In order to get your Kansas insurance license, you’ll need to complete the following six steps:

  1. Figure Out Which Insurance License You’ll Need
  2. Complete a Kansas Pre-Licensing Education Course
  3. Apply For a Tax Clearance Certificate
  4. Complete a Fingerprint and Background Check
  5. Pass the Relevant Kansas Insurance License Exam(s)
  6. Submit Your Insurance License Application

Below we have explored each step in more detail.

Step 1: Decide Which Insurance Licenses You Need

The first step will be deciding what type of insurance policies you’ll want to sell — at least at the start of your career.

This is because the type of insurance policies you’re hoping to sell will dictate the type of license you’ll need. For example, you’d need a Property & Casualty (P&C) license to be able to sell auto, home, or business insurance.
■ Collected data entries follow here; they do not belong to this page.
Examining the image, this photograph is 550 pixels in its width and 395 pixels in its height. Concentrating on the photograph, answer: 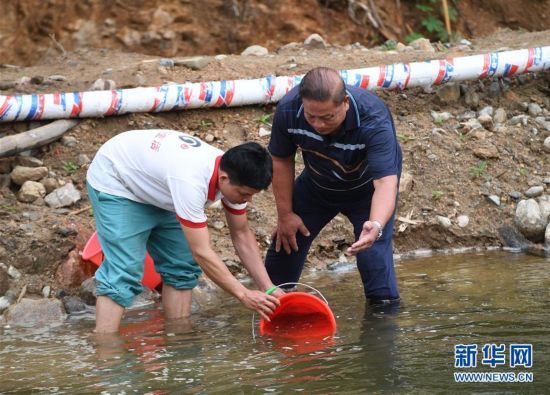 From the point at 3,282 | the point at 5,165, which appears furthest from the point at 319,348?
the point at 5,165

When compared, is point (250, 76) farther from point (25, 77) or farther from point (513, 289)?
point (513, 289)

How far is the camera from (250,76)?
30.7ft

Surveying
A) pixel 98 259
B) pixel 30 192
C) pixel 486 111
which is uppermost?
pixel 486 111

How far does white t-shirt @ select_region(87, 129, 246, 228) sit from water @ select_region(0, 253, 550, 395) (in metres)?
0.81

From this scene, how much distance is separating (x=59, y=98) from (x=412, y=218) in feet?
9.90

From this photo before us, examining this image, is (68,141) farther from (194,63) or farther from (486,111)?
(486,111)

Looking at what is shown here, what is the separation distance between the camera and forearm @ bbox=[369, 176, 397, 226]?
5605 mm

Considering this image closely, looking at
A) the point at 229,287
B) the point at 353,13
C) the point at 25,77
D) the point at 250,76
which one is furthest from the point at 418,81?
the point at 229,287

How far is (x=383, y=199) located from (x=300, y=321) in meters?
1.05

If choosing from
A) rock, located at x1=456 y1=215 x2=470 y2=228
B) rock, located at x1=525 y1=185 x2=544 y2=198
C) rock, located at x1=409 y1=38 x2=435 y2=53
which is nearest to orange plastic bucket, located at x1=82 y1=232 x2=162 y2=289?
rock, located at x1=456 y1=215 x2=470 y2=228

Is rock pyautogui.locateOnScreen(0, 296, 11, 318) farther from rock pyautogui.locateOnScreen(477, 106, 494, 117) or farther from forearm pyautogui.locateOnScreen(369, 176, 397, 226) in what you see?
rock pyautogui.locateOnScreen(477, 106, 494, 117)

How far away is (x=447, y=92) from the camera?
9602 mm

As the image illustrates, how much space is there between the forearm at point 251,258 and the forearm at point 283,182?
14.3 inches

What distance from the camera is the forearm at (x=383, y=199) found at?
5.61 metres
Here’s a list of all the different types of insurance agent licenses that are available in the state of Kansas:

  • Life
  • Accident and Health or Sickness
  • Property and Allied Lines
  • Casualty and Allied Lines
  • Personal Lines
  • Crop

While there are a large number of different licenses to choose from, the vast majority of insurance agents will either obtain a Property and Casualty (P&C) or Life and Health license.

In fact, many agents actually opt to go for both of these licenses as it allows them to offer clients a much wider range of the most common insurance products.
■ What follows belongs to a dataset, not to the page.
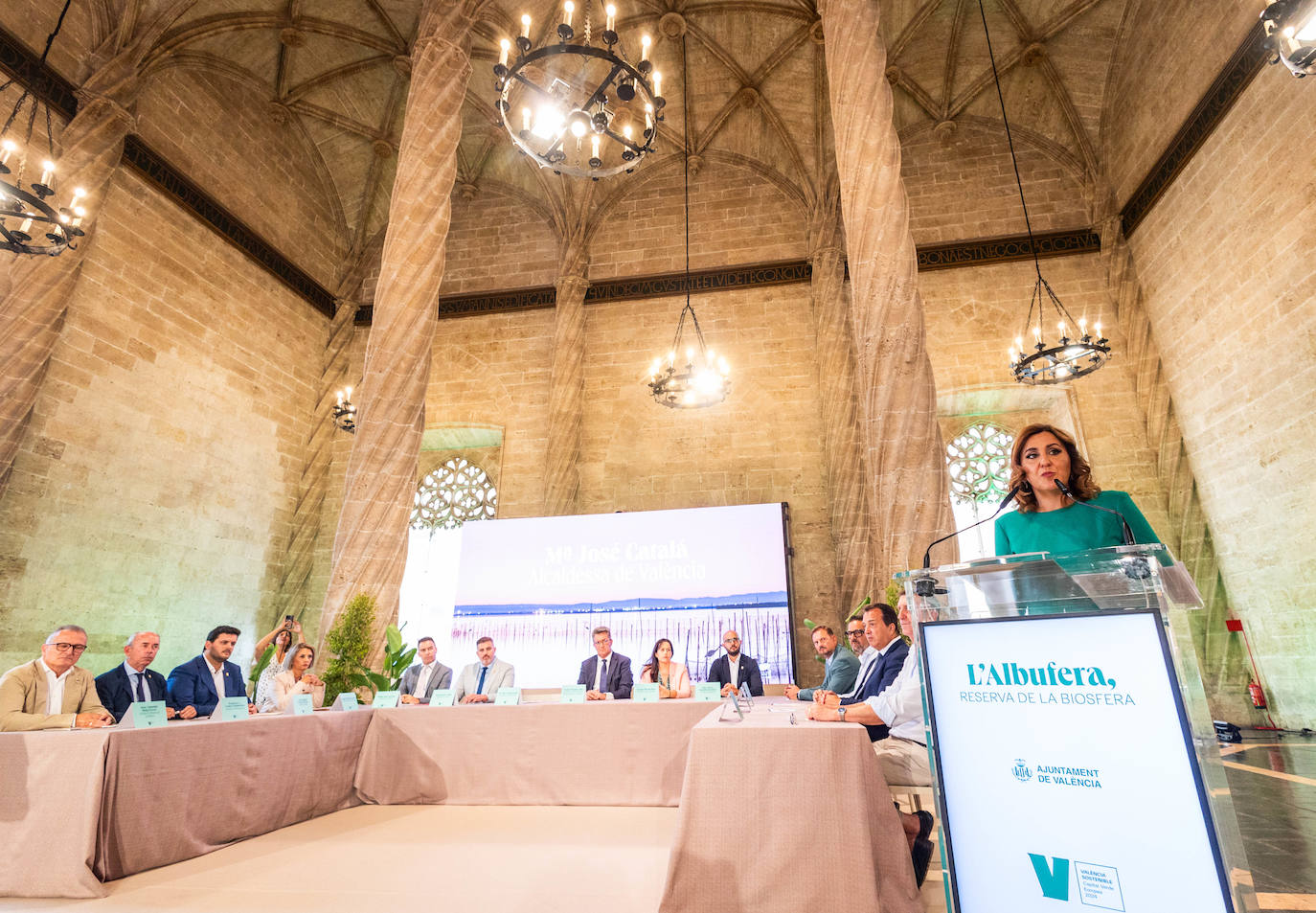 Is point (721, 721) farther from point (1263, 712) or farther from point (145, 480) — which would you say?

However, if you already know you want to specialize in one particular type of policy, you’ll of course only have to focus on the specific license that’s relevant to this insurance type.

It’s worth noting at this point that if you’re looking to work as a public insurance adjuster, you’ll need to obtain a separate license — which you can find more information about in our Kansas Adjuster License overview.
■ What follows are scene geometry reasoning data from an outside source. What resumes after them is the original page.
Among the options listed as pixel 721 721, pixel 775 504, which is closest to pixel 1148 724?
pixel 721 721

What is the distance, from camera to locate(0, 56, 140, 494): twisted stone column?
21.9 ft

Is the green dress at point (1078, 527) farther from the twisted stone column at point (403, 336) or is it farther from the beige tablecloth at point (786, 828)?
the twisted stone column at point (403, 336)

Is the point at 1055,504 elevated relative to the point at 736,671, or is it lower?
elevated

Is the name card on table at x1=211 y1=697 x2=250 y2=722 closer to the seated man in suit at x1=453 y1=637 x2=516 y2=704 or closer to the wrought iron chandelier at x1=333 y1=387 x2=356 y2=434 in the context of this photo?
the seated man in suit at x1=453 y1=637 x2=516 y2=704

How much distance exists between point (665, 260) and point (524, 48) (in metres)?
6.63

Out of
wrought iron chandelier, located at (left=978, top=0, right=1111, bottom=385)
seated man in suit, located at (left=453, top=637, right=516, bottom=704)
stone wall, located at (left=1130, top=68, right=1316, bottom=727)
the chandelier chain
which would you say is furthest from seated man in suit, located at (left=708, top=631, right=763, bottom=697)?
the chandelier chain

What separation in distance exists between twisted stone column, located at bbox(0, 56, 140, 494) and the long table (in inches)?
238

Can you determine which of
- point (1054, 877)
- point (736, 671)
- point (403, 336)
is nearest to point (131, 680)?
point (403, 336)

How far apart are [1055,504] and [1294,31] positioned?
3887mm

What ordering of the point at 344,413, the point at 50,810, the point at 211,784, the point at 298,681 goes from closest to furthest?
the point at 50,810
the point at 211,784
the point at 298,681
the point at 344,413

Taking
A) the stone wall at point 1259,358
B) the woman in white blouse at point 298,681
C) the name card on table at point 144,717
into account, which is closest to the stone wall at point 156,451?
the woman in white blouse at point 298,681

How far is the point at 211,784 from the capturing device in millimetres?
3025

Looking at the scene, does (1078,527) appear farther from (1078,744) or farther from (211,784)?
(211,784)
Step 2: Complete a Kansas Pre-Licensing Education Course

The next step you’ll want to take toward becoming a licensed insurance agent in Kansas is completing a pre-licensing education course.

Even though Kansas law does not actually require you to take a course in order to register for an exam or file an insurance application, we recommend doing so regardless.

This is because enrolling in a pre-licensing course can allow you to gain valuable insights and a deeper understanding of your field, which will not only help you during the actual state licensing exam but will also ensure that you are better equipped to operate effectively post-licensing.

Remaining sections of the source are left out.